ASSIGNED TASK. Only the lines in the entries below from the line with "Turgla Infinity dia.4.75Inch" to the line with "Alan Flusser Men's Beige Flat Front Shorts", both included, belong in the answer, transcribed exactly and without pictures.

── DATA FOR THE TASK

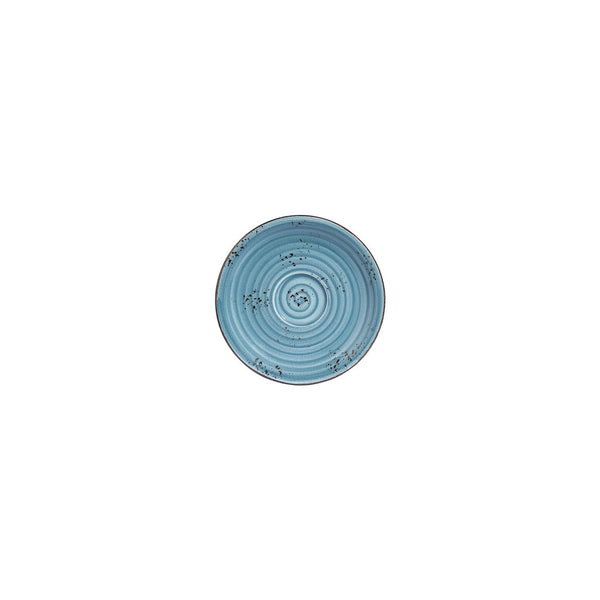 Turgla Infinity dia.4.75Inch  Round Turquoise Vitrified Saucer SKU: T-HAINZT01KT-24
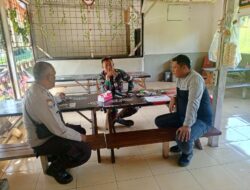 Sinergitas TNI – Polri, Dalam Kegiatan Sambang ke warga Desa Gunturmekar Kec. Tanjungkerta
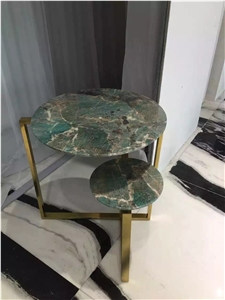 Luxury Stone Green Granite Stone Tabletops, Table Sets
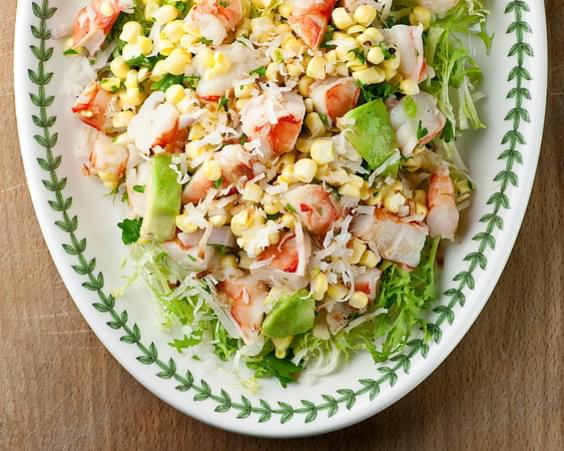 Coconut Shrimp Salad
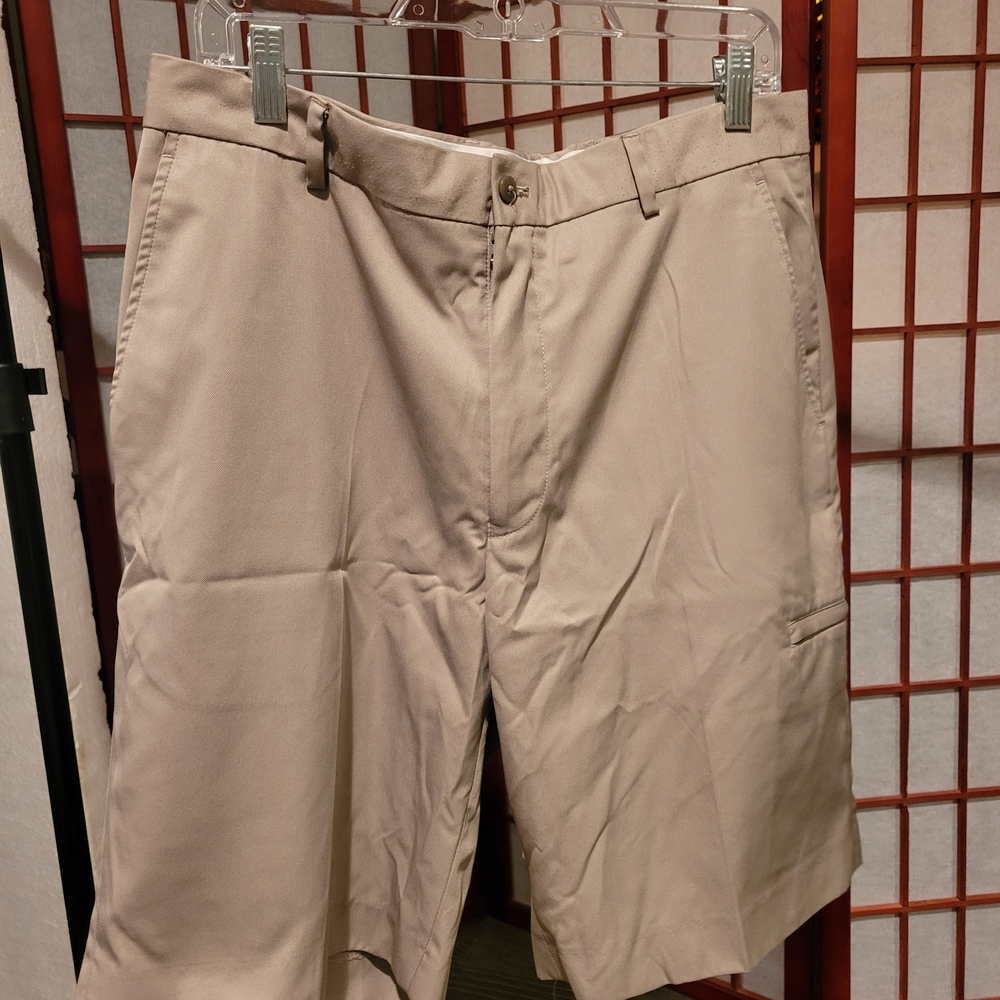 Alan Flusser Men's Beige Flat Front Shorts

────
── DATA FOR THE TASK

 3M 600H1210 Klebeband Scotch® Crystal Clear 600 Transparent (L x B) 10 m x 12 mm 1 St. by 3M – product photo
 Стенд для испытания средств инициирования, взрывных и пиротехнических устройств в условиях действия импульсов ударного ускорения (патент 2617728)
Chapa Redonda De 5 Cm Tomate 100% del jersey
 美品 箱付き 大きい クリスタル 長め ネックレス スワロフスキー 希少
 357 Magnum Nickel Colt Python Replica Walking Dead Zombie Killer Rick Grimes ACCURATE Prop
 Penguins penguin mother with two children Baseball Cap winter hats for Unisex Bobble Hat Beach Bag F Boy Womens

────

TASK OUTPUT.
 Turgla Infinity dia.4.75Inch  Round Turquoise Vitrified Saucer SKU: T-HAINZT01KT-24
 Sinergitas TNI – Polri, Dalam Kegiatan Sambang ke warga Desa Gunturmekar Kec. Tanjungkerta
 Luxury Stone Green Granite Stone Tabletops, Table Sets
 Coconut Shrimp Salad
 Alan Flusser Men's Beige Flat Front Shorts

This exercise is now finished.